It would be so cool to be Aquaman, right?
Well, if scientific expert Dr. Matthew Skinner hypothesizes correctly, we may all get to experience what it feels like to be an aquatic superhero.
Here's the deal, when global warming hits and the ice caps melt, we'll all be living in an underwater community, right? (We'll need a community organizer.) So, naturally, we'll have to evolve to survive.
This is where things take a super cool turn---our bodies will change so we can swim better. We'll get longer fingers and toes that eventually become webbed, and our eyes will adjust to the low light conditions by growing a nictitating membrane. (For you climate change skeptics out there, that means we'll grow a third eyelid. Yay!)
Unfortunately, Dr. Skinner misses one really critical change.

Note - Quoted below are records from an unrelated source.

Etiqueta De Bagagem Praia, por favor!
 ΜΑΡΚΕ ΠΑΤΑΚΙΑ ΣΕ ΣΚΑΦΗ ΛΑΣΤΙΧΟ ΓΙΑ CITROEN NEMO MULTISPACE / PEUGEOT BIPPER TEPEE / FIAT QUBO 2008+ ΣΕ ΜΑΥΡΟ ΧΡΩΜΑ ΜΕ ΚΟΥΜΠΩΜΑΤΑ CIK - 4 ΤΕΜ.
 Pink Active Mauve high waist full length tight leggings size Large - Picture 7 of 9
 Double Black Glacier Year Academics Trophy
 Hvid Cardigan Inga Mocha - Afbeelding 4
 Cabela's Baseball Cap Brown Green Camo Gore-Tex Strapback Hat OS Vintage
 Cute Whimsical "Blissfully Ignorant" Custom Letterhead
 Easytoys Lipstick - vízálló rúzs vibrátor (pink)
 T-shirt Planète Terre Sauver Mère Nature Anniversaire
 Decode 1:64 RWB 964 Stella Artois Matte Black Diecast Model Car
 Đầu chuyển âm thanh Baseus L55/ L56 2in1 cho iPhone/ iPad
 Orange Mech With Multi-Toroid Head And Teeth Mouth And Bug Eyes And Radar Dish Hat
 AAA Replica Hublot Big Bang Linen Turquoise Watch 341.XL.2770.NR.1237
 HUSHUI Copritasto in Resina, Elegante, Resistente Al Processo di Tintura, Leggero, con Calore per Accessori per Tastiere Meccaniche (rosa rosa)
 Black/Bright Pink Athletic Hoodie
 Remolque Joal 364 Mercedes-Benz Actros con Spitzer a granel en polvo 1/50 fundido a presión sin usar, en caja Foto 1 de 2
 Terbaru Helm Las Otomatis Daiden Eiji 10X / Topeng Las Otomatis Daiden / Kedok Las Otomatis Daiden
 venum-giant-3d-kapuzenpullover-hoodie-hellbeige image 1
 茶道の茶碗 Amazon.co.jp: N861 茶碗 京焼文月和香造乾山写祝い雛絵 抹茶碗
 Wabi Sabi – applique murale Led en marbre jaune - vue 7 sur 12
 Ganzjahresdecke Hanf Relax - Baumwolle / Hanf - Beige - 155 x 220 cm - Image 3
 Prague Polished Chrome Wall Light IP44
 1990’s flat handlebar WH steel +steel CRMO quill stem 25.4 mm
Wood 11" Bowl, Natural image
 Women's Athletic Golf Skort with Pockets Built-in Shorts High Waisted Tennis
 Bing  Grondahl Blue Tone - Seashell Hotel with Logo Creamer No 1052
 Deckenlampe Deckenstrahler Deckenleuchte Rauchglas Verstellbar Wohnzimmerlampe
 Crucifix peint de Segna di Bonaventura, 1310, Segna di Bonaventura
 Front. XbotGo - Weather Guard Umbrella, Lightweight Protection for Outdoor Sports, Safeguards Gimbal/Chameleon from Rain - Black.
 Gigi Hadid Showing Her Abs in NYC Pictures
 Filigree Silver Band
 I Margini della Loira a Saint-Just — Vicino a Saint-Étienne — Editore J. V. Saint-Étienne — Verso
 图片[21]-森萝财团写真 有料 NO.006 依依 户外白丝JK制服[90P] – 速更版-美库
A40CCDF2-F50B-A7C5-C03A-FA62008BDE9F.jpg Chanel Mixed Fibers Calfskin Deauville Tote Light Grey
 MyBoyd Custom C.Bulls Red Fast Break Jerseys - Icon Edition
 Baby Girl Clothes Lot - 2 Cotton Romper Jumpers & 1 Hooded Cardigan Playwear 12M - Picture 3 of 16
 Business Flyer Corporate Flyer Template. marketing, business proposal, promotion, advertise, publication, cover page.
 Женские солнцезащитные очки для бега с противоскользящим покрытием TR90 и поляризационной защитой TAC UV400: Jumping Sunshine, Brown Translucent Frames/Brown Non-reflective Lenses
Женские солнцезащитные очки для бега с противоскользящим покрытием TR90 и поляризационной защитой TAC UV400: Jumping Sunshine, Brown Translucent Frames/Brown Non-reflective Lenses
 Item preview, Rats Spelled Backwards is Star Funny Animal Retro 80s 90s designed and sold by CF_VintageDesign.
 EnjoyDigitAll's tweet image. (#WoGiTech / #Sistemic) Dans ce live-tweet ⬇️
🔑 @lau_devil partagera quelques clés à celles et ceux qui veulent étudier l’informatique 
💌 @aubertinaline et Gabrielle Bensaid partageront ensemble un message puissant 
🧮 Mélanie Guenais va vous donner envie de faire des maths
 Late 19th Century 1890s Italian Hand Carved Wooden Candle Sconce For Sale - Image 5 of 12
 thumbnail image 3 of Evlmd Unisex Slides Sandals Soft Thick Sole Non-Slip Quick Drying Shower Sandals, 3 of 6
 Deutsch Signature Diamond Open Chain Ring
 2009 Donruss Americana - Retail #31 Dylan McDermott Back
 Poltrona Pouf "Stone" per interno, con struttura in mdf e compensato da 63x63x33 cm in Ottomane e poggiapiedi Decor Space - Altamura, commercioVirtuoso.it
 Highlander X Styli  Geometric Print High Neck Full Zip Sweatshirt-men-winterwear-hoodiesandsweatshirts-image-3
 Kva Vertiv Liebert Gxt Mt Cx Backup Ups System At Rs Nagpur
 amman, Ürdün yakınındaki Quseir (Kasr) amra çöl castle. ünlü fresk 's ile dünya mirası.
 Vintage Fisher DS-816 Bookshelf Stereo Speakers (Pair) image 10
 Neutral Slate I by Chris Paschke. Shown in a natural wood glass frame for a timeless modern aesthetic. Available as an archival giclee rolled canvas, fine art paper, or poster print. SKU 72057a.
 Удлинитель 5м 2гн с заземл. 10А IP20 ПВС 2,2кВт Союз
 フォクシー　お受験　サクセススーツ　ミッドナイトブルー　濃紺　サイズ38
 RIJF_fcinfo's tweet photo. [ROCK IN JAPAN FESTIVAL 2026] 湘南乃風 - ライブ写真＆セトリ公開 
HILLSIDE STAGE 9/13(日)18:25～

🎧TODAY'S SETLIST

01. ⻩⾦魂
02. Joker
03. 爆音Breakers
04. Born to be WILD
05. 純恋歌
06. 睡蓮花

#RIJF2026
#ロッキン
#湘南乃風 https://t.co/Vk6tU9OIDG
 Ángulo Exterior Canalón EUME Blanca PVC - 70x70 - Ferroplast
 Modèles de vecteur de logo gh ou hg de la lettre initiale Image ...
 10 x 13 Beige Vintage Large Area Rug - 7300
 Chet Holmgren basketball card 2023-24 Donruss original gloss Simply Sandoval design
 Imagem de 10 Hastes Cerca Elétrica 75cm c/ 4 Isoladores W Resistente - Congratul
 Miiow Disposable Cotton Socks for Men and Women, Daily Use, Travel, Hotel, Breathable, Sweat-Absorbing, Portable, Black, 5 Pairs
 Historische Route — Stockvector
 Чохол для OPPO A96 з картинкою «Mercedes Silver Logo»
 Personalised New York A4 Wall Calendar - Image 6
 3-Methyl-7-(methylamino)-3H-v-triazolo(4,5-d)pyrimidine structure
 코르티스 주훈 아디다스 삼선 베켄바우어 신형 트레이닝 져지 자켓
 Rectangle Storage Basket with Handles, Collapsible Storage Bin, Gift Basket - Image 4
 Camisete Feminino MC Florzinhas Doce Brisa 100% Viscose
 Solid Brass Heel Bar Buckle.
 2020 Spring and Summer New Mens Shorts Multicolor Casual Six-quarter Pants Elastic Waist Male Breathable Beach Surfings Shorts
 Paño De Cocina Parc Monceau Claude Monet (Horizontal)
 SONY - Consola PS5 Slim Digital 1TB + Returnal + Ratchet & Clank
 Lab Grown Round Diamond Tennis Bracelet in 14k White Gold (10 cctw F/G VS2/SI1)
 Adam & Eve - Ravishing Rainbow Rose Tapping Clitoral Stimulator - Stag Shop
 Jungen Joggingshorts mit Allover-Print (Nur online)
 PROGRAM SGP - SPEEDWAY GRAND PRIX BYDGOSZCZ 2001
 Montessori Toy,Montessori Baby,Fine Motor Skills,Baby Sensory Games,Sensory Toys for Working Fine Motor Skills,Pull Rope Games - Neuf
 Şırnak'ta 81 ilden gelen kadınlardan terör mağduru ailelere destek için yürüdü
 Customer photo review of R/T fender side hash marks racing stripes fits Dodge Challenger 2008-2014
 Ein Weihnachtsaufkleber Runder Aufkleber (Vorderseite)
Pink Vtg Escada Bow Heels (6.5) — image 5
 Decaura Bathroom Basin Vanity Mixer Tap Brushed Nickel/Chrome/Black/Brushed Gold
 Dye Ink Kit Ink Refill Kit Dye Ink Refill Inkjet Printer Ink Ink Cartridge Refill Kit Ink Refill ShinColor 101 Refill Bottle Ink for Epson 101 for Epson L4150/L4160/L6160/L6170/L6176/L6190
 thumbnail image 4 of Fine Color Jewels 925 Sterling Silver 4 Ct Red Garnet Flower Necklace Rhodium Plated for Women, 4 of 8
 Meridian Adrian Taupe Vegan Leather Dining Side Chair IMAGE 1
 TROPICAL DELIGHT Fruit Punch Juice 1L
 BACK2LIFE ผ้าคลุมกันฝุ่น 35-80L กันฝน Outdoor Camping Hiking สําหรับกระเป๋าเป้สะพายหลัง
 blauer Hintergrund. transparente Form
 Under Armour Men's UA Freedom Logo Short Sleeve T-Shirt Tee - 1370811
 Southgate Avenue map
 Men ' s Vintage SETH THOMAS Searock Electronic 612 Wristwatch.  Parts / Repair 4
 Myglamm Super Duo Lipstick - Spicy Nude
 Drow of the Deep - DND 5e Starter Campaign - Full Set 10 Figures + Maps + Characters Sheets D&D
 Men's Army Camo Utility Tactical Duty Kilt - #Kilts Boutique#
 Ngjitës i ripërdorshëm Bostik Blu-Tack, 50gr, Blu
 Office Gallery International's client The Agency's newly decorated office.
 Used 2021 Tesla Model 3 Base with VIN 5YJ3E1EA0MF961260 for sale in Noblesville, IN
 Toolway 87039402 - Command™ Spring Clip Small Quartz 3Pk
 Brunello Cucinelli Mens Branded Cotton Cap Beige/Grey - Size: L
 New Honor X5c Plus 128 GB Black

"Now, nowhere does he say that we'll have gills so we can breathe underwater, which would be a good safety tip," Glenn suggested. "But our fingers are going to grow longer. We're going to get webbed fingers, webbed toes."
The most important takeaway, though, is how all of this can be avoided if we save the planet.
"It's just another in the series of scare tactics," said co-host Stu. "Oh, my God. We're going to get webbed feet. I don't want webbed feet for my children. We need to make America great again. No more webbed feet."
You might want to get new floaties and flippers for the kids.
Below is a rush transcript of this segment, it might contain errors.
GLENN: I have to play this. And, Stu, I want to put together a series. We're launching a new season of the Glenn Beck radio program. And if you're watching any of the behind the scenes stuff, some of it was released on Facebook last night. In the next year, we're going to be making a lot of new changes to the show. Trying some new things out. One of them is going to be a -- a series of serials, if you will, to where we'll take on a topic or a question and we'll try to answer that question over several episodes. And one of them, I think we need to do is the hysteria of global warming and compare it to the futurists of the 1930s, '40s, and '50s. The guys who said, "Oh, yeah, by 2020, it's just going to be flying cars and everything else."
By the year 2000, we won't even be eating food. We'll be having little cubes that will have all your nourishment in there. Restaurants will be banished.
Listen to this scientist who says that because of global warming, man's body is about to change.
MATTHEW: The first scenario relates to global warming. We imagine that the ice caps are melting. We see a drastic rise in sea levels. And humans are forced to live in an underwater community. And so what we might see is changes to our body, which help us to swim better. For example, we might see a lengthening of our fingers. This might cause us to evolve webbed fingers and toes.
PAT: Oh.
MATTHEW: Another critical thing that we'll need to do is to be able to see in low light conditions that we find underwater. Perhaps, most striking, we might see something called a nictitating membrane. And this is essentially a third eyelid, which helps protect the eye in an underwater environment.
GLENN: That's Dr. Matthew Skinner. Now, nowhere does he say that we'll have gills so we can breathe underwater, which would be a good safety tip. But our fingers are going to grow longer. We're going to get webbed fingers, webbed toes.
PAT: Webbed feet.
GLENN: Webbed feet, and a new eye lid so we can see --
STU: That sounds awesome. Getting around quicker in the water.
PAT: Plus, we're not going to die. We're just going to adapt. We're going to evolve, right? So what's the problem?
GLENN: So what's the problem? Oh, the earth is going to be -- no, we'll all be living, we'll just be living like Aquaman. This is just crazy. That's one of the craziest things I've ever heard.
PAT: Oh, man.
GLENN: And he says it with a straight face. And the -- and the academic community is like, "Yes, we're going to develop webbed feet."
PAT: Webbed feet and webbed hands.
GLENN: Because we'll all be living underwater. Oh, my gosh. Don't they see it? They just don't see it, do they?
STU: It's kind of embarrassing.
GLENN: It really is.
STU: It's kind of embarrassing that they will go to these lengths. Again, it kind of disproves their own thesis. The point is, we'll all die and there will be no humanity left. No, I thought we were going to evolve.
GLENN: We're going to progress. We're going to progress into something even better. It's progress.
STU: There you go. Can you imagine if a conservative said this. Look, yeah, there might be some global warming, but we're going to get gills. We're going to get a third eyelid.
GLENN: Can you imagine? How do you say that except to a group of maybe first graders who will accept that? Who accepts that, that we're going to grow longer fingers, webbed feet, webbed toes, and a third eyelid? Come on.
STU: It's just another in the series of scare tactics. Oh, my God. We're going to get webbed feet. I don't want webbed feet for my children. We need to make America great again. No more webbed feet.